When reading the early histories of the entrepreneurs who started successful companies like Apple, Microsoft, and Facebook, an interesting pattern emerges.

All of these entrepreneurs had started small ventures before starting the company that scaled up and eventually went public.

Steve Jobs and Steve Wozniak had started producing “blue boxes” that produced a digital sound that would trick the phone company’s hardware into permitting long distance calls for free.  They built each device for $50, and sold them for $100.  They sold about 100 of them before one customer pulled a gun on Jobs in the parking lot where they were doing the deal and demanded the device without payment.

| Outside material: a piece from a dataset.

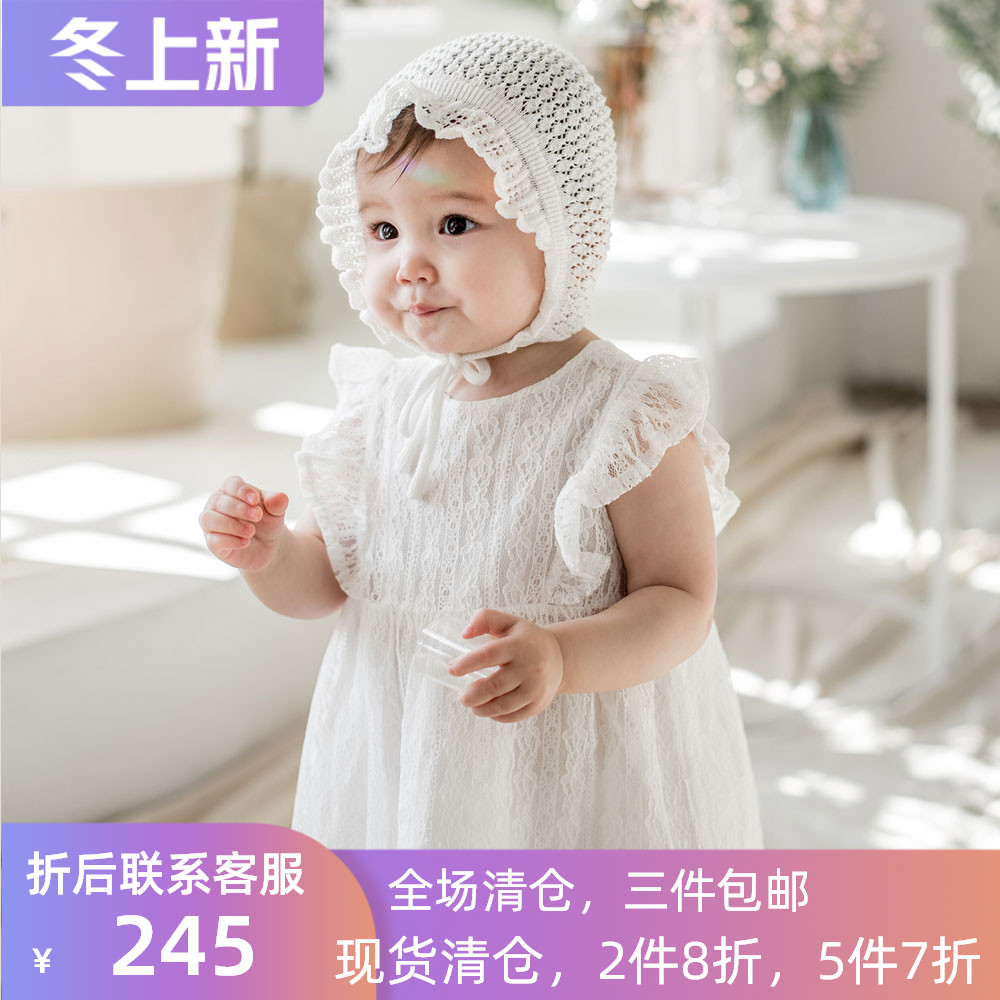 韩国新品KIDS CLARA夏季女宝宝薄百日连衣裙婴儿周岁公主蕾丝裙子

Bill Gates and Paul Allen embarked on a venture to collect and analyze traffic data with their first company called Traf-O-Data.  They were able to generate a few thousand dollars in revenues before the State of Washington started offering traffic data services for free, ending the demand for private contractors.  The three principles soon moved onto other projects.

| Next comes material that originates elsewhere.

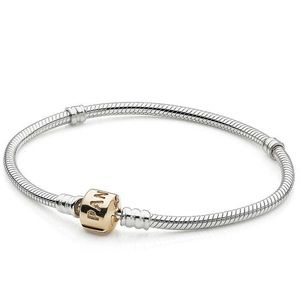 Pandora Bracelet with 14k gold clasp-various sizes - get a charm for free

And who could forget Facemash, the infamous female student comparison website launched by Mark Zuckerberg, which demonstrated the incredible pull of an on-line social experience based on real social connections – and almost got Mark kicked out of Harvard.

Even non-technology entrepreneurs, from Howard Schultz (Starbucks) to Richard Branson (Virgin), and even social entrepreneurs like Mohamed Unis (Grameen Bank), had similar “pre-founding” experiences that helped to shape their mental models of how their future ventures could be started and run.

These early experiences and later successes profoundly shape the ways in which experienced entrepreneurs search for and select new opportunities.  If the entrepreneur has a strong urge to follow what he knows from his past experience and is not open to the possibilities of alternative business models, this bias can actually inhibit an experienced entrepreneur from launching and growing successful new ventures.